A large-scale DAC plant would create around 1,500 jobs during construction and 100-200 for the operational phase, said Steve Oldham, CE’s chief executive.
It would also require the investment of hundreds of millions of pounds.
Full-scale DAC facilities can be built to capture one million tonnes of carbon dioxide per year each, equivalent to the annual emissions of 250,000 cars or the workload of 40m trees.
PBDE and CE have not decided which location would be best for the UK plant.
But PBDE managing director Alan James said the north-east was in “pole position” and
Mr Oldham added that picking the region would “make a lot of sense”.
It boasts ready access to North Sea reservoirs, with their huge storage potential, and a workforce who understand many of the processes involved in DAC.
In addition, the area is capable of hosting large renewable energy developments that could power the DAC plant, which would permanently store the carbon dioxide it captures below the seabed.
This would fit in well with PBDE’s Acorn project, which involves transporting carbon dioxide from St Fergus gas terminal, through the Goldeneye pipeline and into the depleted Goldeneye reservoir.

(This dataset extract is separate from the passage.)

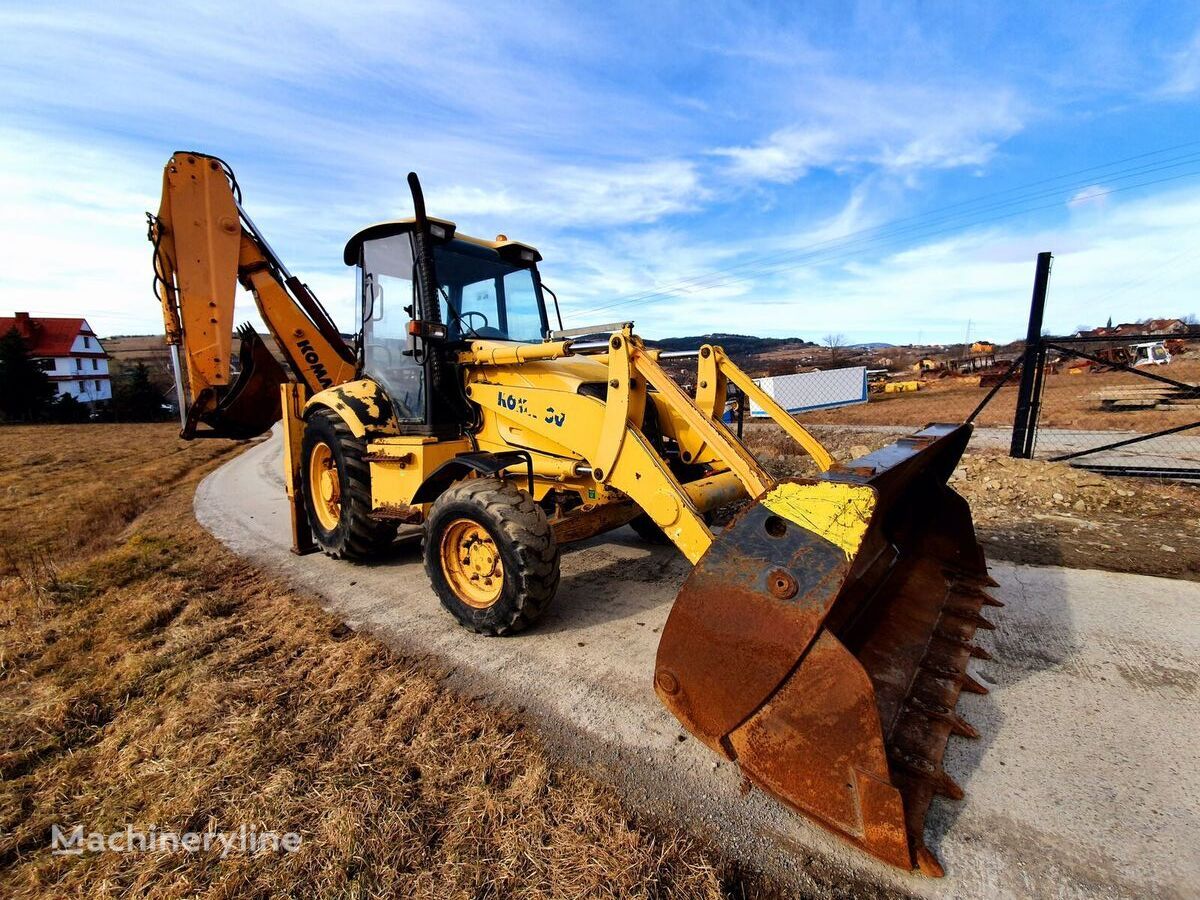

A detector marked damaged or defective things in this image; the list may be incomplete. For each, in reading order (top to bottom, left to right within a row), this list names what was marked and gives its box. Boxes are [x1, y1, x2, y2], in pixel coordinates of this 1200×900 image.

rusty front bucket [652, 427, 998, 878]
rusty metal surface [657, 424, 993, 883]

PBDE hopes Acorn will be operational by late 2024, while the first DAC project could be operational about two years later.
CO2 time travellers
Direct air capture (DAC) technology has been likened to “time travel” as it lets companies take responsibility for and scrub out past emissions.
Firms and industries who face huge challenges to reduce their emissions can enter into contracts with DAC plant operators, who will capture an agreed amount of carbon dioxide for the customer.
If businesses know how much carbon dioxide they emitted following their launch, they could pay to have that same volume removed from the atmosphere.
Doing so would effectively “reset” the company’s carbon footprint, taking it back to the day it was incorporated, said PBDE’s Alan James.
“For some, installing decarbonisation technology may simply never be commercially or logistically practical,” he said.
“DAC will provide a mechanism for those businesses to reduce their climate impact effectively and allow others to remove from the atmosphere the emissions that they were responsible for in the past.”
DAC works by pulling in atmospheric air then, through a series of chemical reactions, extracting the carbon dioxide from it while returning the rest of the air to the environment.
PBDE’s new partner CE, a privately-owned firm whose investors include Microsoft co-founder Bill Gates, has had a pilot facility in Squamish, British Columbia, since 2015.
It is currently engineering a commercial-scale plant in Texas alongside a subsidiary of oil firm Occidental.
Critics warn that DAC is expensive, energy intensive and a distraction from more conventional emissions-busting technologies.
However, the UK Government appears willing to back the technology, having recently pledged £100 million to support its development.
PBDE and CE intend to submit an application for funding in the coming months.